Retype the lines below exactly, from the one that contains "Длинный рукав Свитер" through the last, and leave every picture out.

──────── DATASET ────────

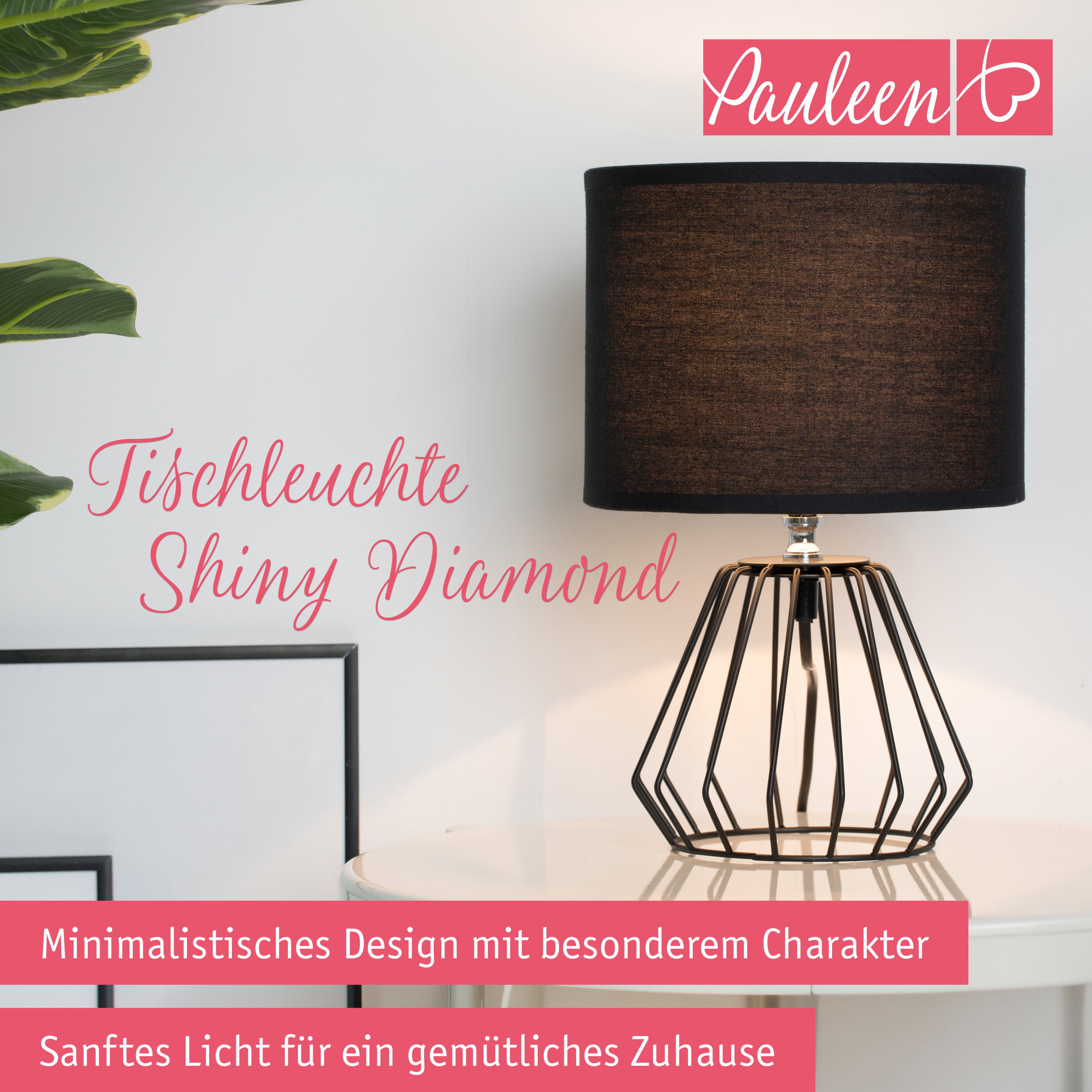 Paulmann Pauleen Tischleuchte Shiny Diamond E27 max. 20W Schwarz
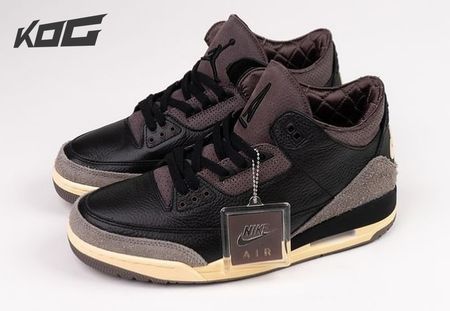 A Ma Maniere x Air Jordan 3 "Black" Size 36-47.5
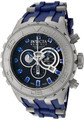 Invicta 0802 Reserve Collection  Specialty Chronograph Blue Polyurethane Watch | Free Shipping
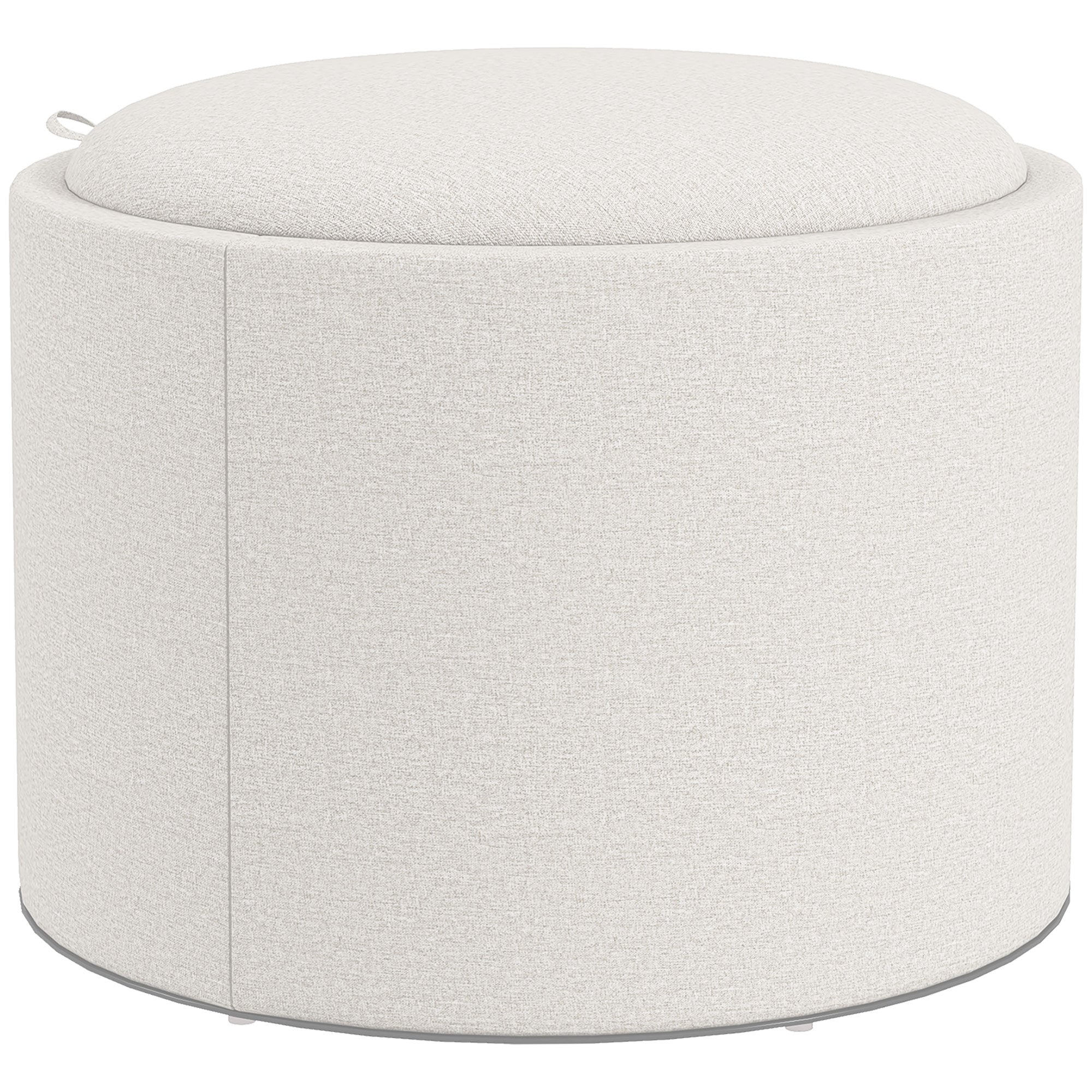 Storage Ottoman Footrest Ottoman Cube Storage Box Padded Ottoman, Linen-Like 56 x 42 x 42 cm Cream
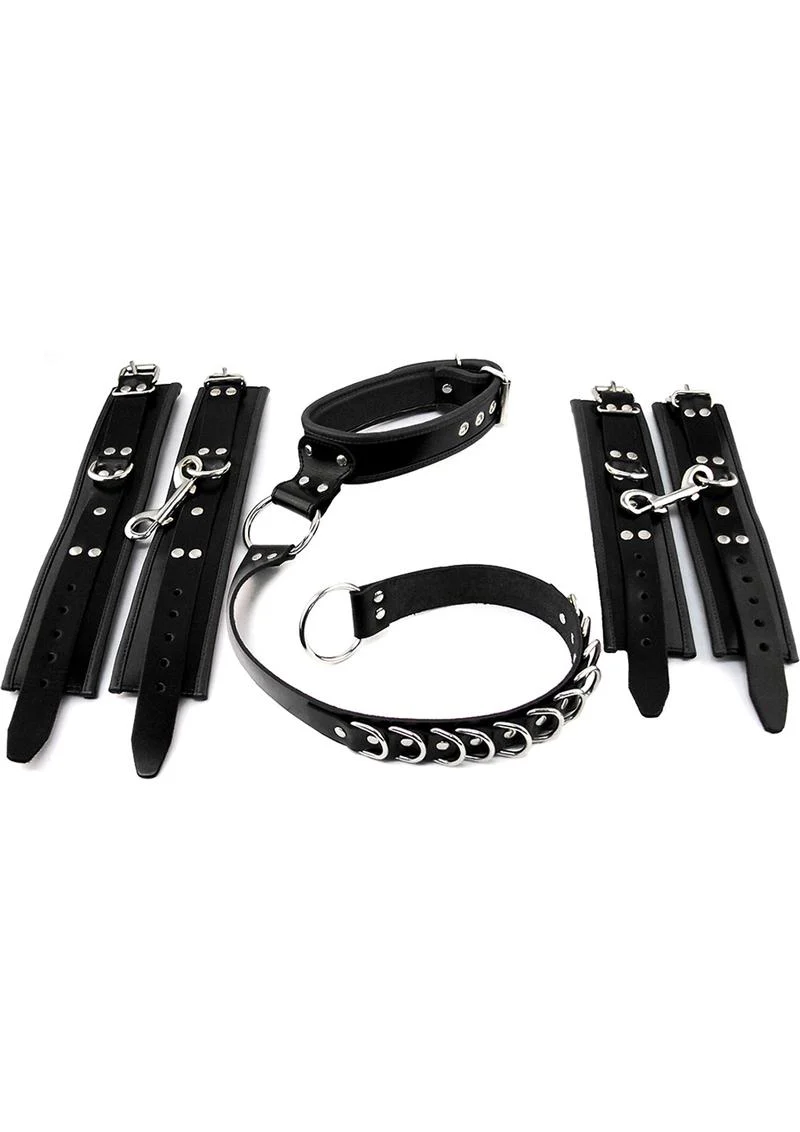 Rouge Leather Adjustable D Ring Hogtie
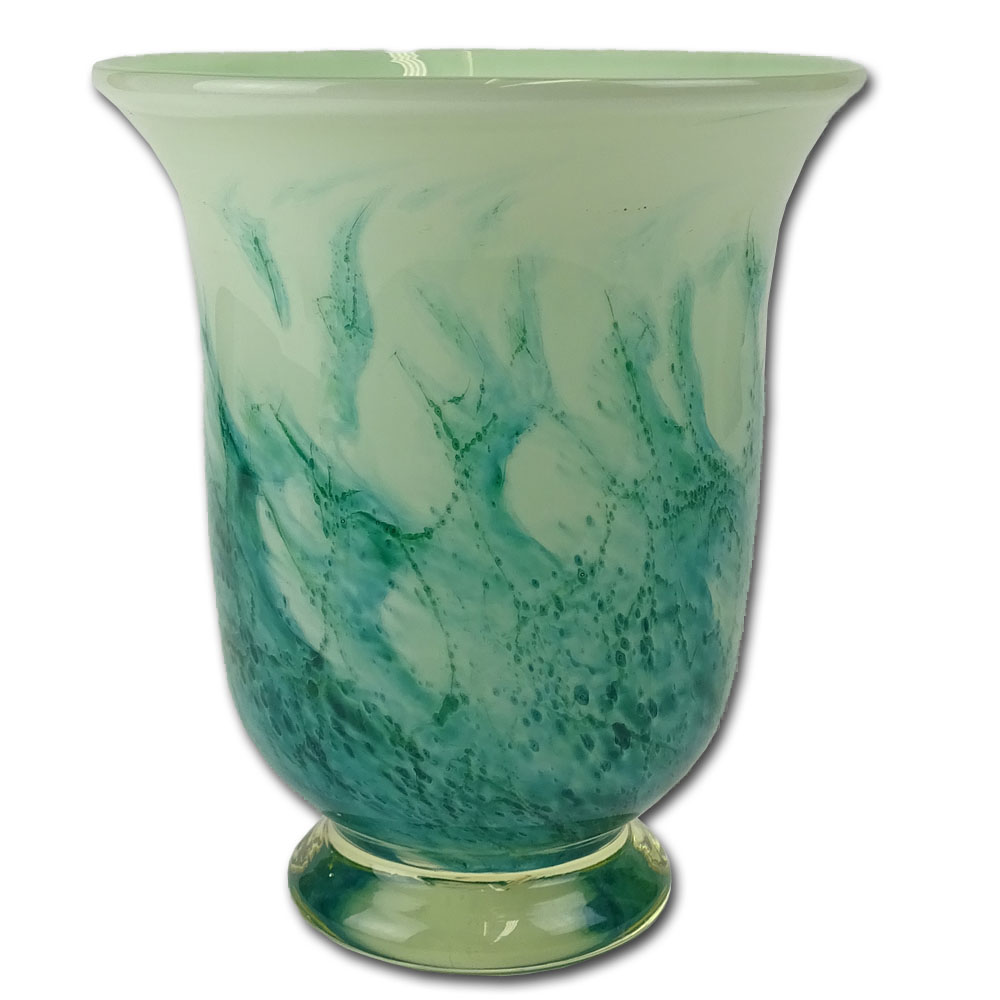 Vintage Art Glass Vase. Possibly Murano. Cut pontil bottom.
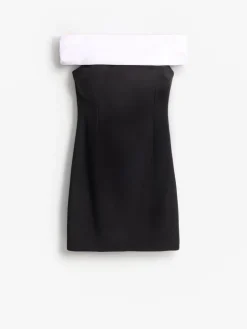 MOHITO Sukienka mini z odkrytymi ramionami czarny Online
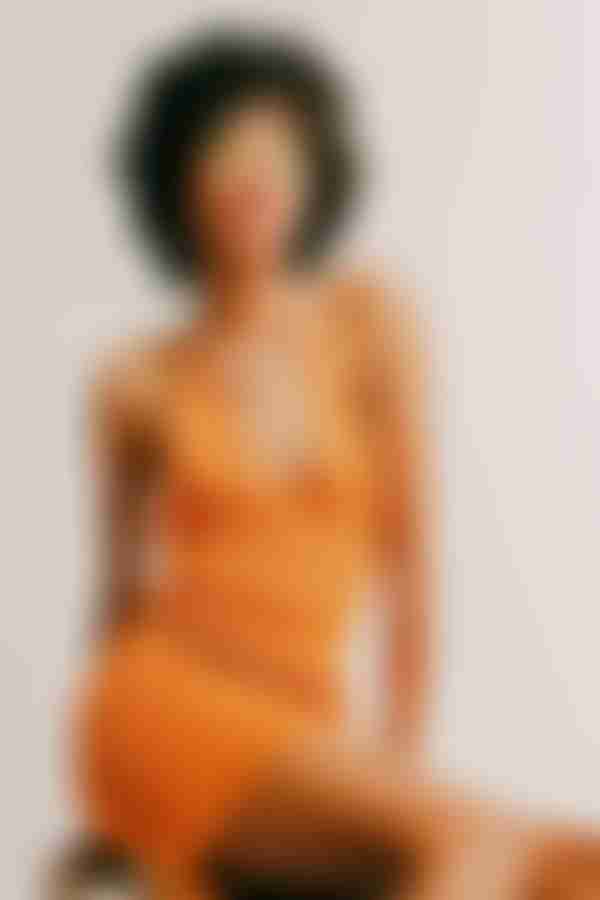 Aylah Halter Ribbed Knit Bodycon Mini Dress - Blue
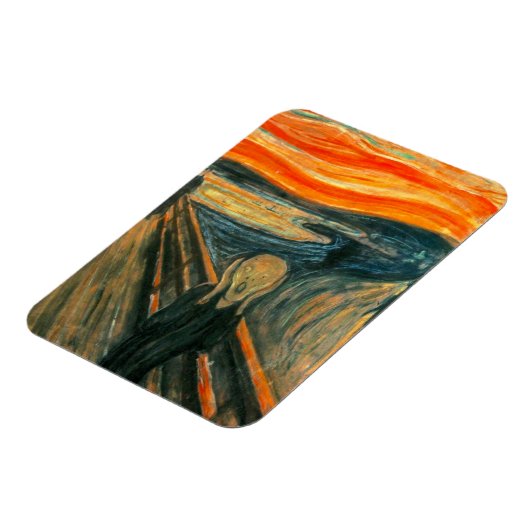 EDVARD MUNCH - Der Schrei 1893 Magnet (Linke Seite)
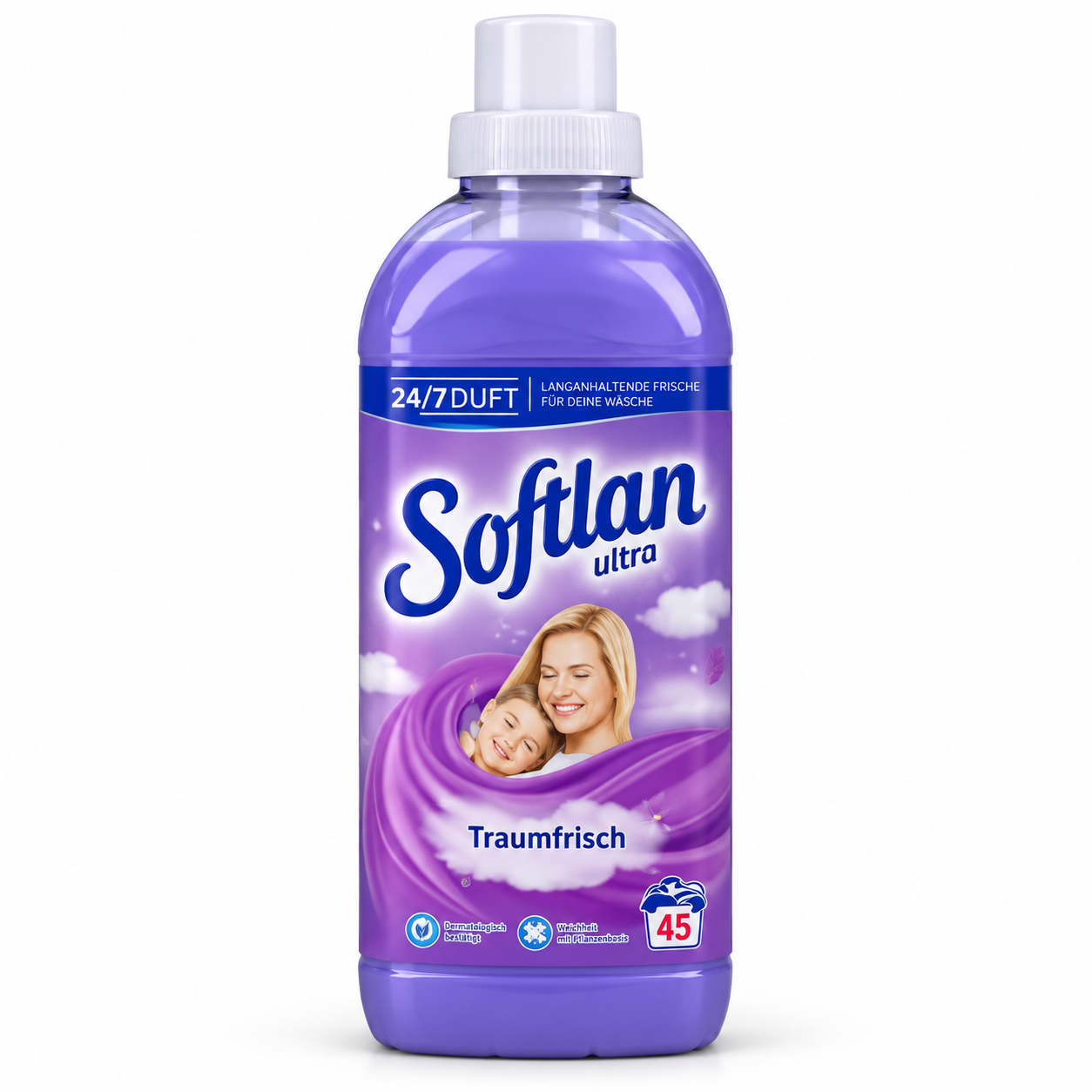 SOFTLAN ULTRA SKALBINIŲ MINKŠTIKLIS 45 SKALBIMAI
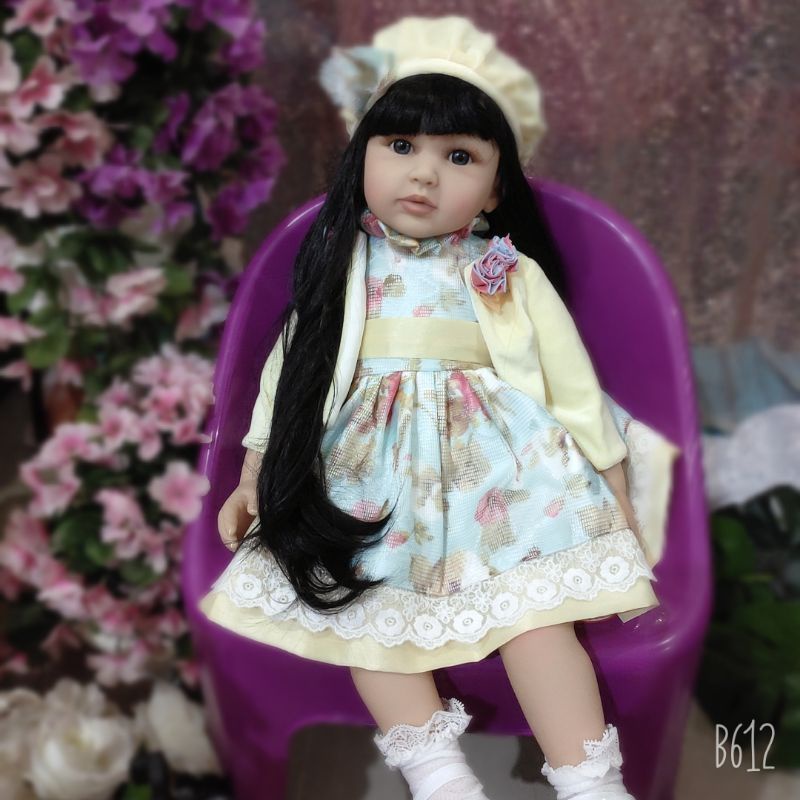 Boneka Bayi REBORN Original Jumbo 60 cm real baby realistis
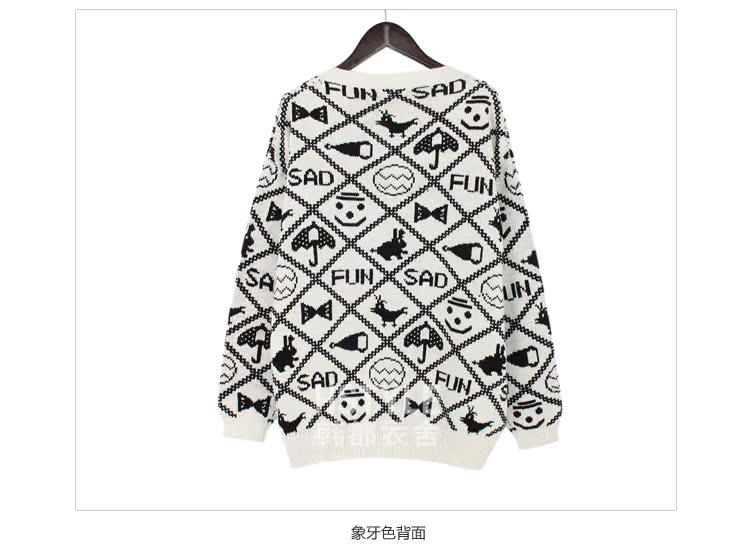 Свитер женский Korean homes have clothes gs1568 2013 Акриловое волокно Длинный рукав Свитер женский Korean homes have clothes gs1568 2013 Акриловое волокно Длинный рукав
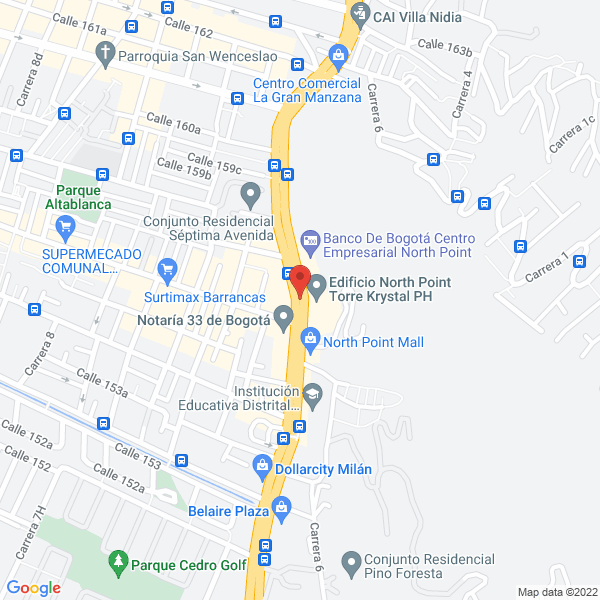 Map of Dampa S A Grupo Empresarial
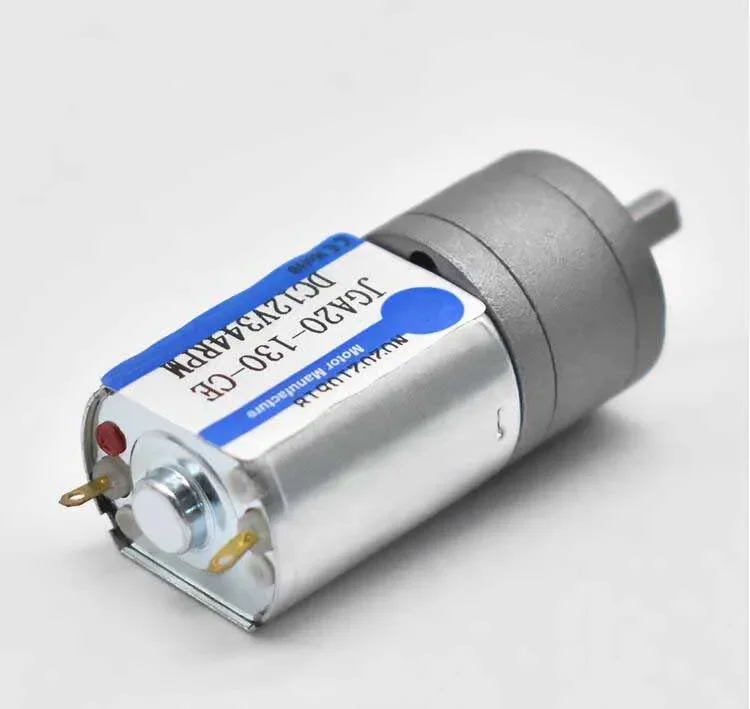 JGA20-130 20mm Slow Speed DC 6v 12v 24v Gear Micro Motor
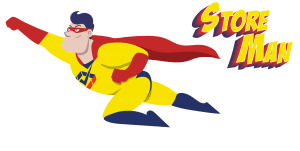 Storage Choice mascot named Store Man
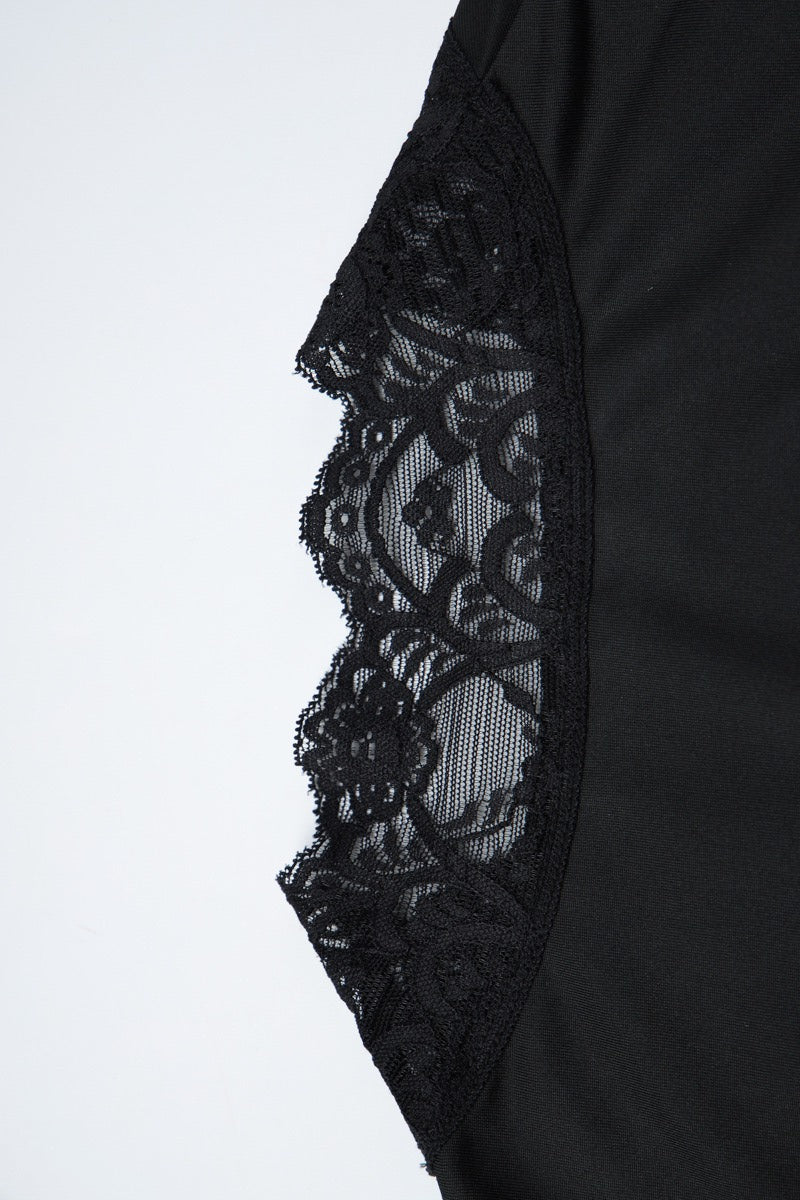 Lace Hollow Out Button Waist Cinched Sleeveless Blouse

────────

### [SOLUTION FOR THIS PROBLEM]
 Свитер женский Korean homes have clothes gs1568 2013 Акриловое волокно Длинный рукав Свитер женский Korean homes have clothes gs1568 2013 Акриловое волокно Длинный рукав
 Map of Dampa S A Grupo Empresarial
 JGA20-130 20mm Slow Speed DC 6v 12v 24v Gear Micro Motor
 Storage Choice mascot named Store Man
 Lace Hollow Out Button Waist Cinched Sleeveless Blouse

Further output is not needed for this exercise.